Ms. Gaesser is currently pursuing a master’s degree in agriculture, food, and environment at the Friedman School of Nutrition Science and Policy at Tufts University.

About every five years, Congress passes an omnibus Farm Bill governing an array of agricultural and food programs. The historically bipartisan process has become more contentious in recent cycles, however, due to an increasingly polarized Congress. Legislative delays caused the 2002 and 2008 Farm Bills to expire and to be extended, and the 2014 Farm Bill expired last September without reauthorization or an extension. Although multi-issue debates contribute to these delays, disagreements over the nutrition title always seem to be at the heart of congressional gridlock.

The eight-month fight over the most recent Farm Bill hinged on the House Republicans’ proposed overhaul of the Supplemental Nutrition Assistance Program (SNAP), previously known as food stamps. A compromise bill—stripped of every controversial House GOP proposal on SNAP—eventually passed and was signed into law by President Trump in December. In the previous cycle, Republican demands for steep cuts to SNAP benefits also delayed the passage of the Farm Bill. The impasse led to an extension, but also prompted the House to pass a farm-only bill (H.R. 2642), followed a few months later by a stand-alone nutrition bill (H.R. 3102). The former authorized agriculture programs for five years, while the latter authorized SNAP for three years. Placing the bills on different timelines served to ensure that future reauthorizations would be considered separately. The separation was short-lived, as the House combined the bills when the legislation went to conference with the Senate, and President Obama ultimately signed a unified bill in 2014. Despite this bipartisan ending, the House leadership’s flirtation with decoupling the nutrition title from the Farm Bill begs the question:  Would it be so wrong to have separate legislation for each?

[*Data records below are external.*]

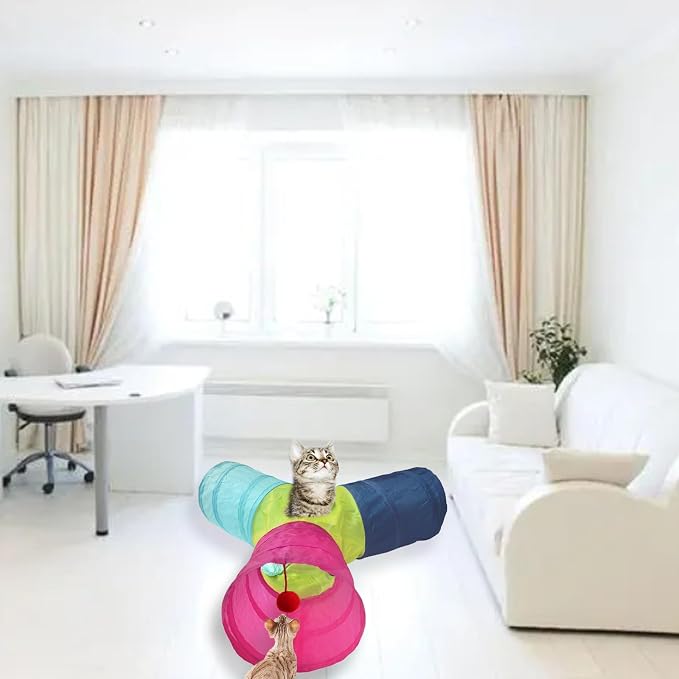Cat Tunnel Tube Toys,Tunnels for Indoor Cats, 3 Way Colorful Collapsible Interactive Toy with Balls for Rabbits, Kittens, Ferrets, Puppy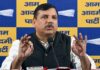 Senior AAP leader and Rajya Sabha MP Sanjay Singh addressing a press conference in New Delhi on Sunday. (UNI)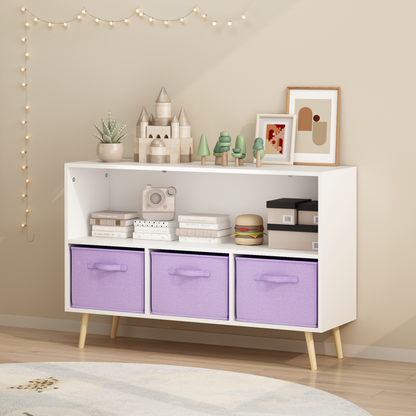 Kids bookcase with Collapsible Fabric Drawers, Children's Book Display, Toy Storage Cabinet Organizer, White/Purple image 1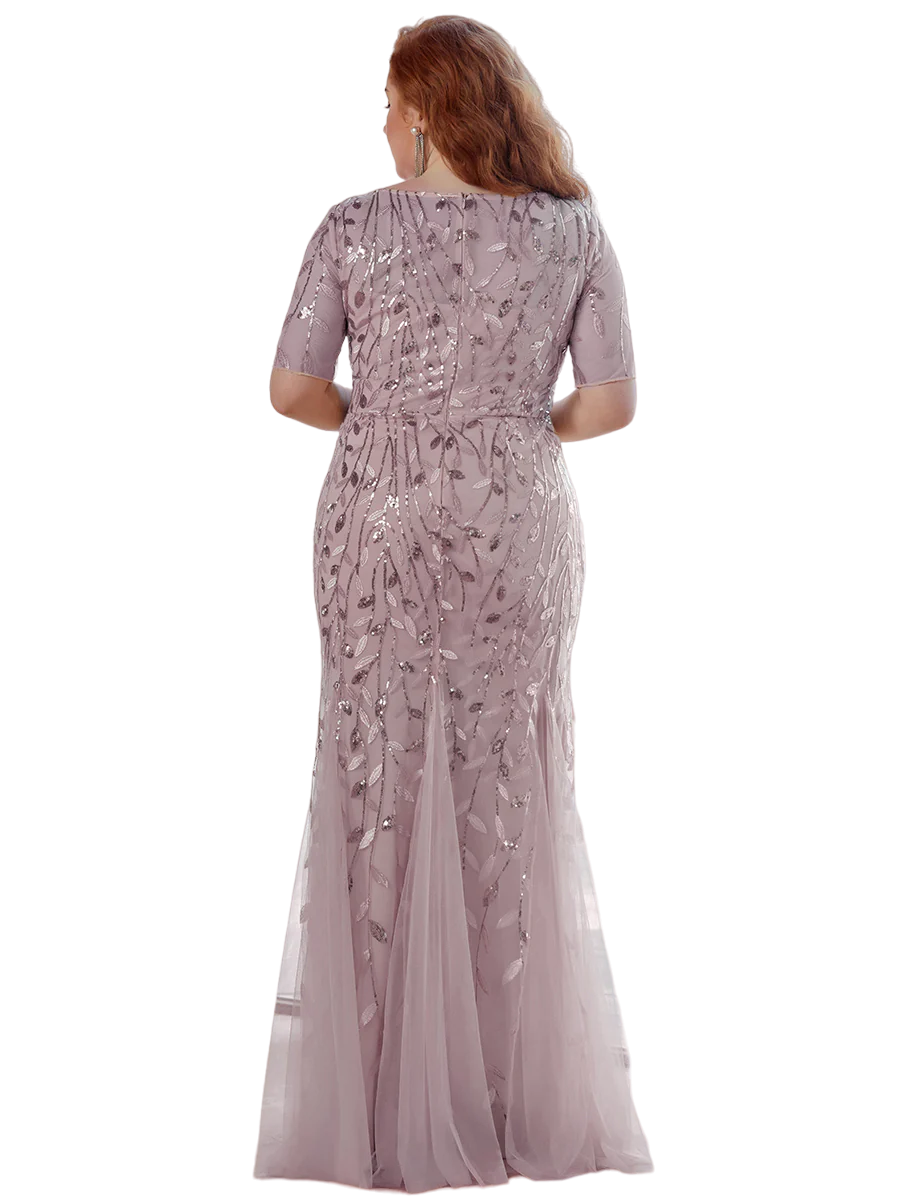 Vestido Elegante de Fiesta Largo Lila Violeta para Mujer con Lentejuela Sirena Manga Corta T Ch a Talla Extra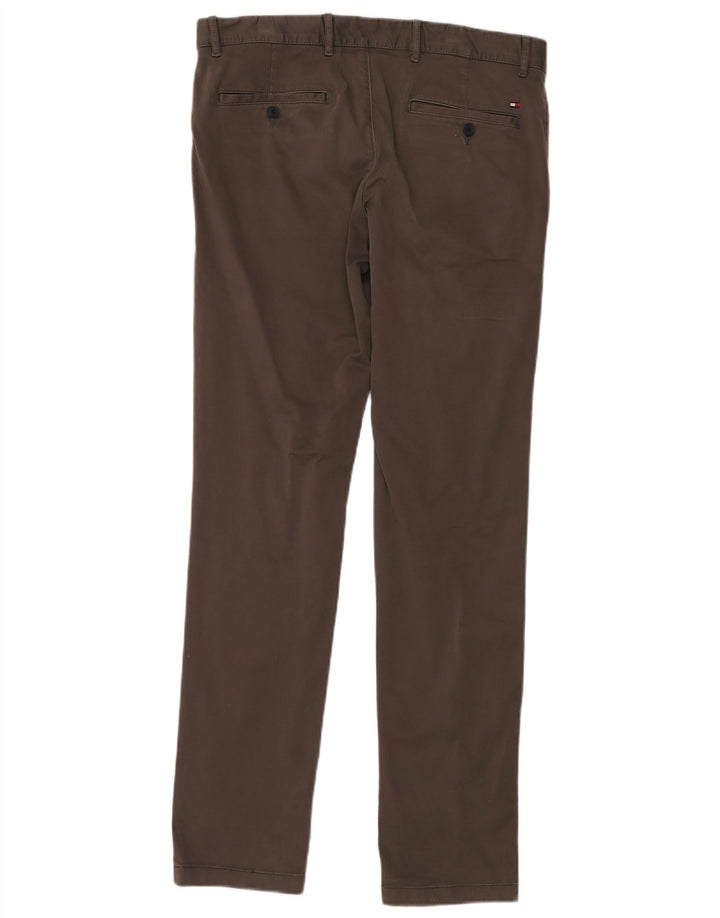 TOMMY HILFIGER Mens Slim Chino Trousers W34 L34 Grey Cotton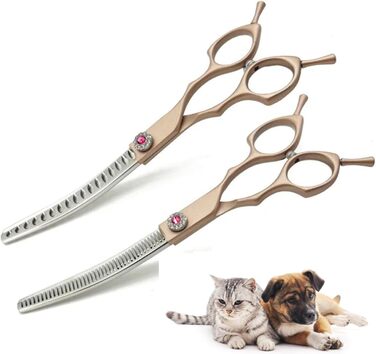 Ножиці для грумінгу собак і котів Floraslee - професійні ножиці для стрижки шерсті з регулюванням (тонкість 40-50%)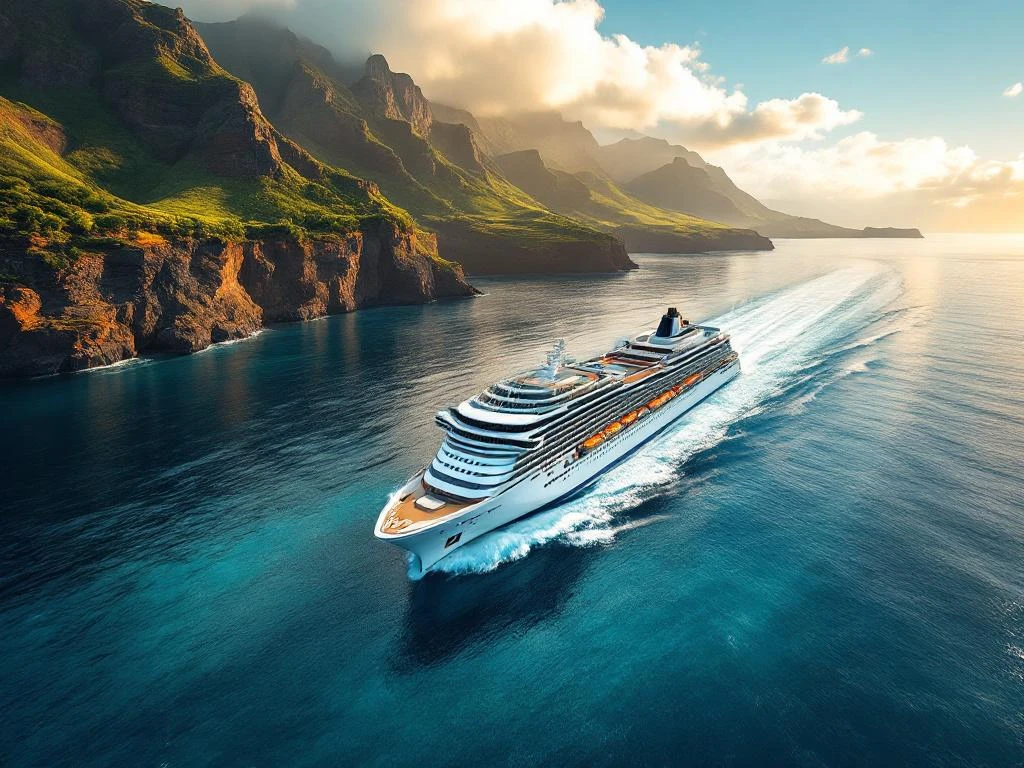 Moderne veerboot vaart door blauwe Atlantische wateren voor dramatische vulkanische kustlijn van Madeira eiland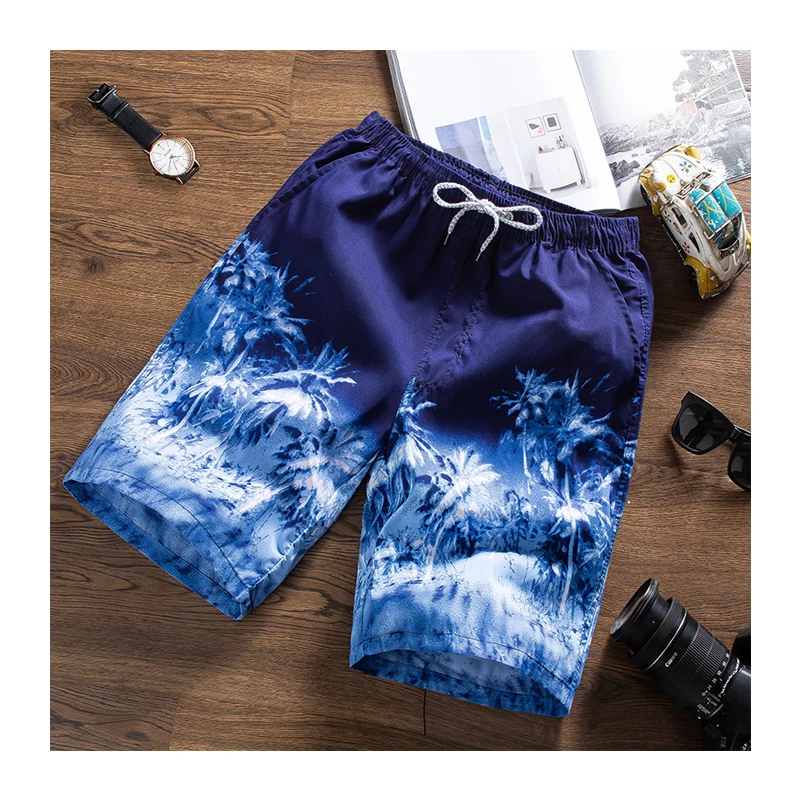

Breathable Men's 100% Polyester Warmup Pants Shorts Casual with Sea Wave for Men Short Pants, Printing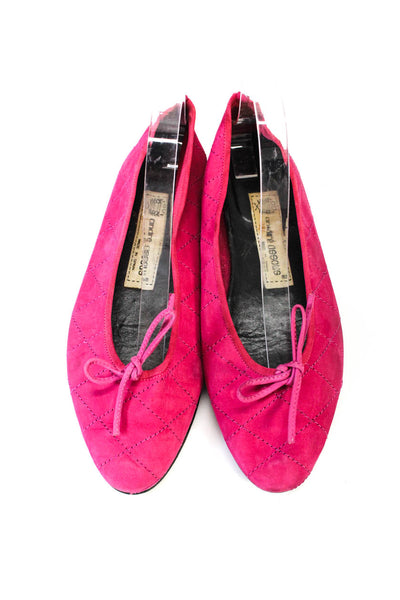 Andre Assous Womens Pink Suede Quilted Bow Front Ballet Flats Shoes Size 9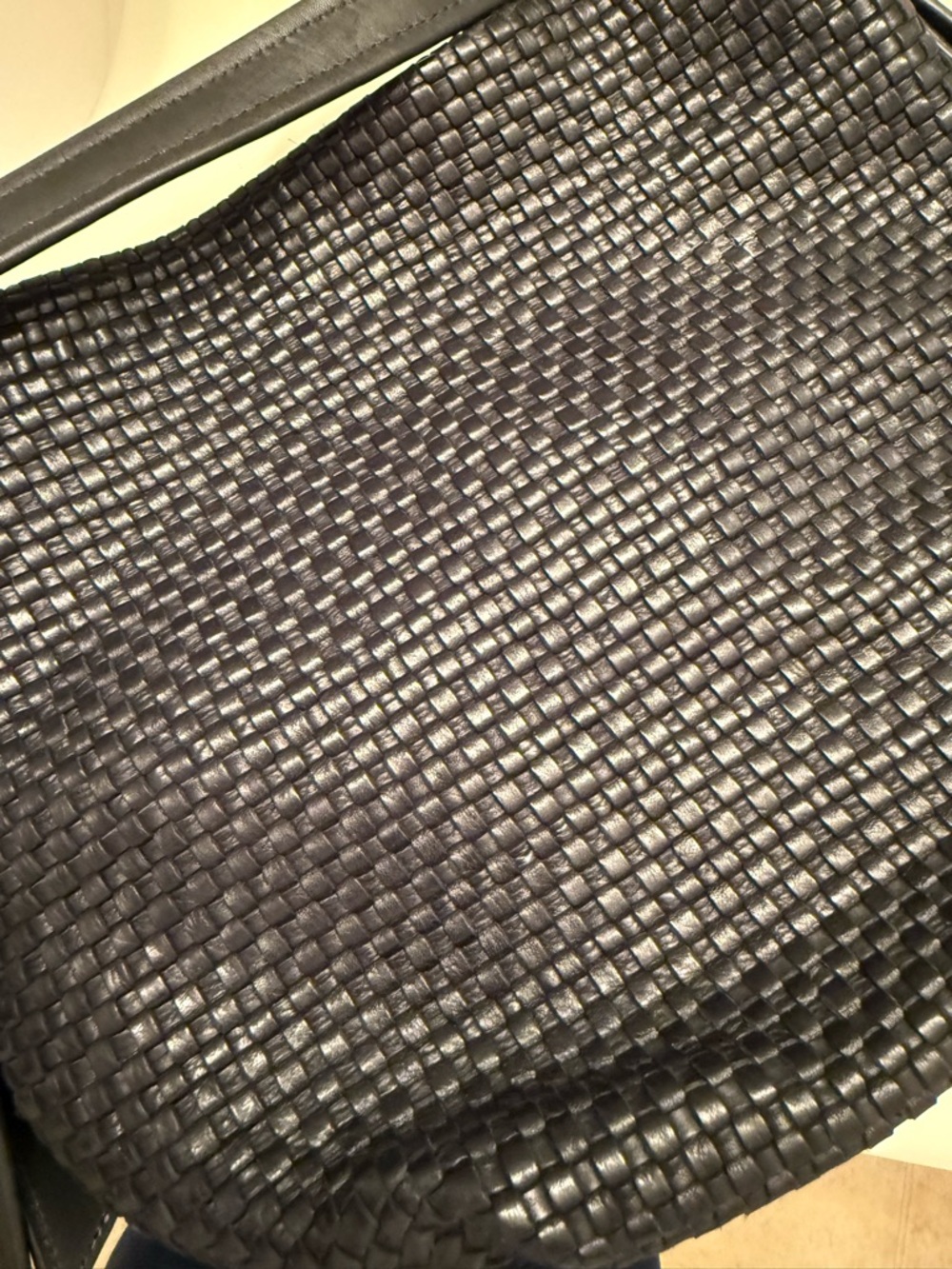 Cole Haan Black Woven Leather Hobo Bag with Gold Logo Tag - Picture 4 of 4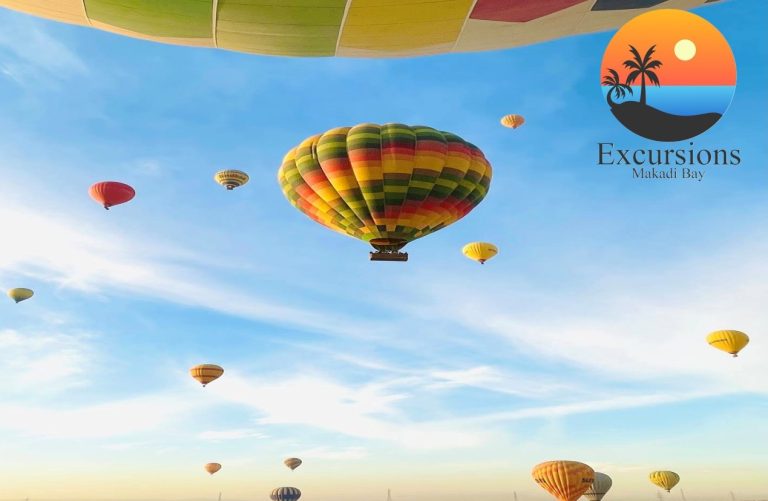 Hot Air Balloon from Makadi flying over Luxor temples at sunrise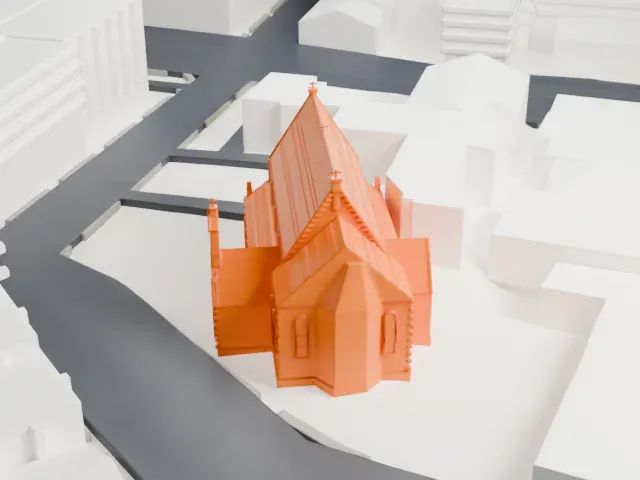 St. John's Protestant Episcopal Church, Yonkers model, East view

The Farm Bill was initially conceived as part of the New Deal in response to the economic and environmental crises of the Great Depression and the Dust Bowl. Its original goals were to provide fair prices for farmers and consumers, ensure an adequate food supply, and protect natural resources. Food assistance has been connected to farm policy since the Agricultural Adjustment Act of 1933, but it wasn’t until forty years later that funding for the food stamp program and efforts to regulate and support commodity prices were combined into a single omnibus bill—the Agriculture and Consumer Protection Act of 1973. At the time, the combined bill was beneficial because neither was able to pass on its own and it helped bridge the schism between urban and rural congressional districts. But with the growth of the nutrition title and the increasing polarization both on Capitol Hill and across the nation, it has become harder for the farm programs to carry the food programs and harder for the food programs to garner votes for the farm programs.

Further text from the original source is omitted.